A few weeks ago on “Housewives of New York” on the Bravo TV network, one of the “housewives” held up a purse her husband apparently bought her as a birthday gift. It still had the price tag on it. $14,000.!!
$14,000 for a purse?!? As if we’re supposed to aspire to that. As if we’re supposed to feel “not good enough” if we can’t afford that extravagance.
Geez, for $14,000 a lot of people could have an amazing excellent adventure and tramp halfway around the world. Or, pay to go back to school. Or, a lot of things.
I was reading the New York Times and discovered an article with the headline, “But Will it Make You Happy?”
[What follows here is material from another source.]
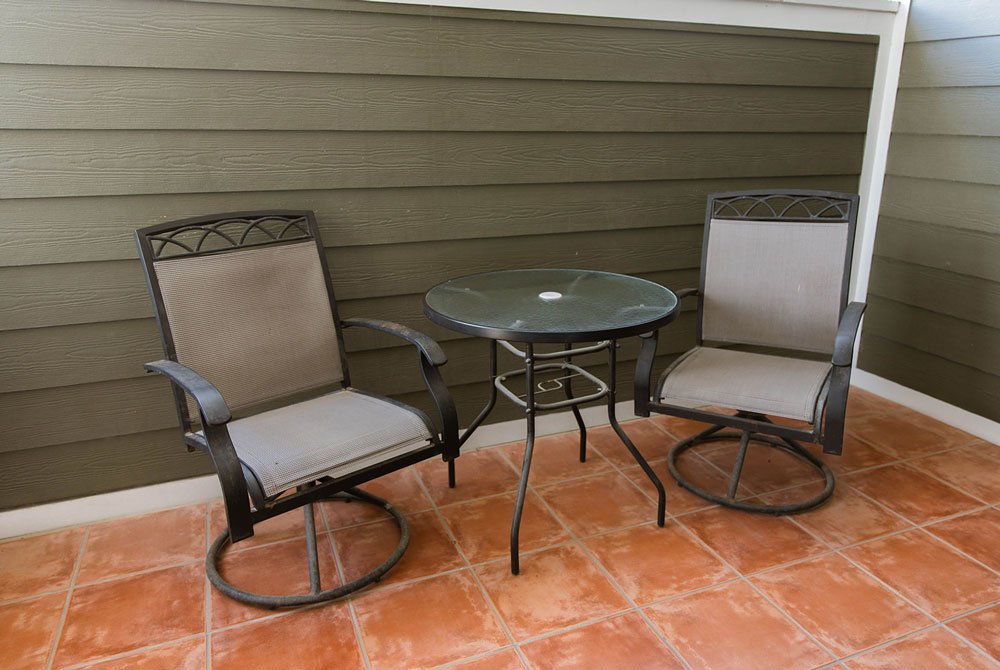 Two outdoor swivel chairs and a small glass-top table on the tiled patio of the Sand Dollar Room at Cape San Blas Inn.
The article started with a story of an uber-frugal, young couple who scaled back on everything and paid off $30,000 in debt (some college loans) in three years. Times writer Stephanie Rosenbloom writes, “Now the couple have money to travel and contribute to the education funds of nieces and nephews. Because their debt is paid off, Ms. Strobel works fewer hours, giving her time to be outdoors, and volunteer, which she does about four hours a week for a nonprofit outreach program.”
If you have the money to keep shopping AND enjoy an excellent adventure more power to you. For most of us, trade-offs must be made. Those trade-offs are at the core of lifestyle design.
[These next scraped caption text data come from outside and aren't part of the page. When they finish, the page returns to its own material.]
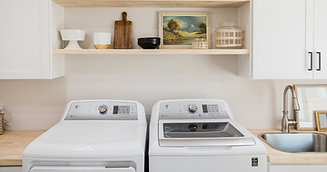 Washer repair Calgary - Red Seal certified technician servicing a front load washing machi
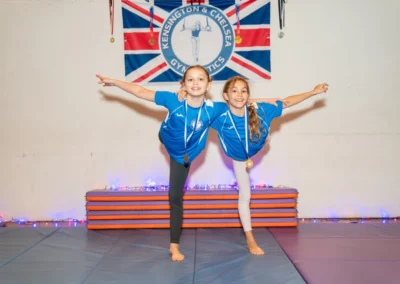 Group of children posing with medals at London gymnastics Christmas celebration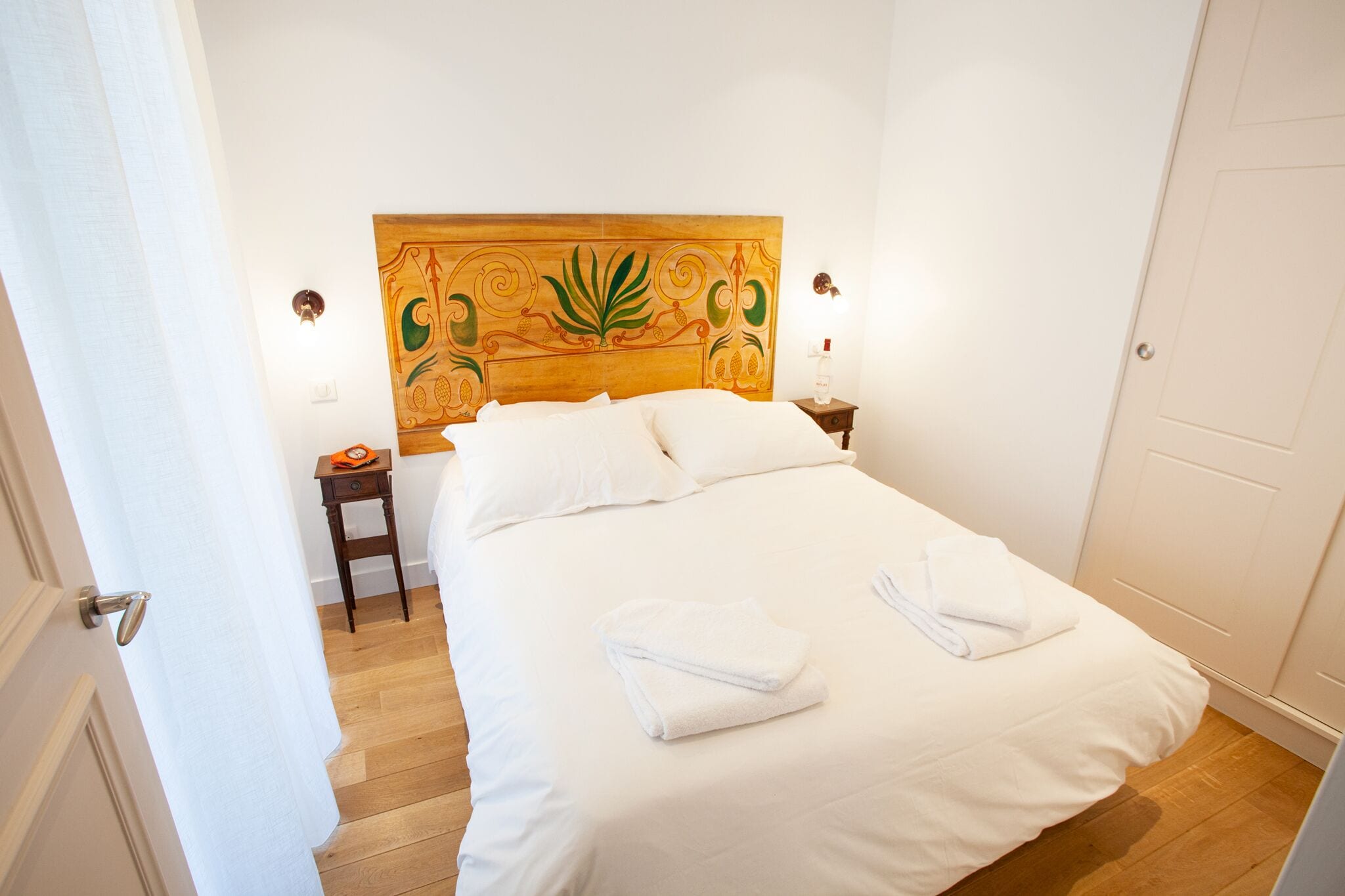 Un lit bien fait, avec du linge de lit blanc et deux serviettes pliées, une tête de lit en bois ornée d’un motif de feuilles et une petite table de chevet avec une lampe.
Rosenbloom writes, “Conspicuous consumption has been an object of fascination going back at least as far as 1899, when Thorstein Veblen published ‘The Theory of the Leisure Class,’ a book that analyzed, how people spent their money to demonstrate their social status.”
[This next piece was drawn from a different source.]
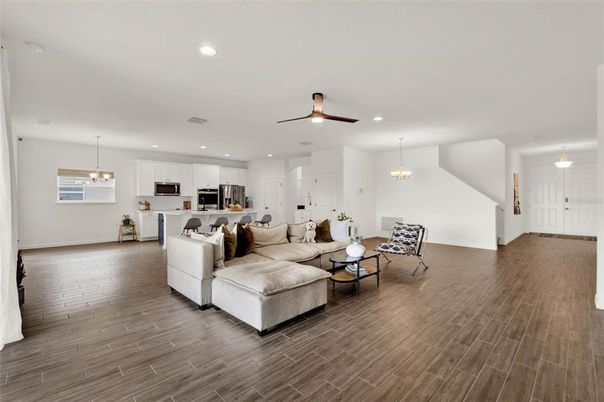 Chandelier, Interior, Kitchen, Living room, Pendant Lights, Recessed Lighting, Stainless Steel Appliances, Wood Texture Flooring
“One recent study discovered spending money for an experience — concert tickets, French lessons, sushi-rolling classes, a hotel room in Monaco — produces longer-lasting satisfaction than spending money on plain old stuff.”
“One reason paying for experiences gives us longer-lasting happiness because we reminisce, researchers say. That’s true for even the most middling experiences. That trip to Rome during which you waited in endless lines, broke your camera and argued with your spouse will be airbrushed with ‘rosy recollection,’ says Sonja Lyubomirsky, a psychology professor at the University of California, Riverside.”
“Before credit cards enabled consumers to have almost anything they wanted any time, shopping was richer, says Ms. Liebmann of WSL Strategic Retail. ‘You saved for it, you anticipated it,’ she says.”
“Buying luxury goods becomes an endless cycle of one-upmanship. The neighbors have a fancy new car – now you want one, too. A study published in June in Psychological Science found wealth interferes with people’s ability to savor positive emotions and experiences.”
My rule: never fall in love with something or someone that doesn’t have the ability or the inclination to love you back.
So, next time you’re compelled to plunk down a credit card for the hottest Gadget Dujour or must-have sky high heels, stop. Ask yourself a few questions:
• What will you use it for?
• Is the latest model honestly THAT much better?
• Or, is it about scoring “cool points.”
• Are you willing to get rid of something old before buying something new?
• How long will it take to pay off?
You’re smart enough to avoid craving $14,000 purses, right? However even gadgets that cost a few hundred dollars here and a few hundred dollars there – all add up. Consider how much faster you’ll experience your own excellent adventure if you spend on what really counts for you.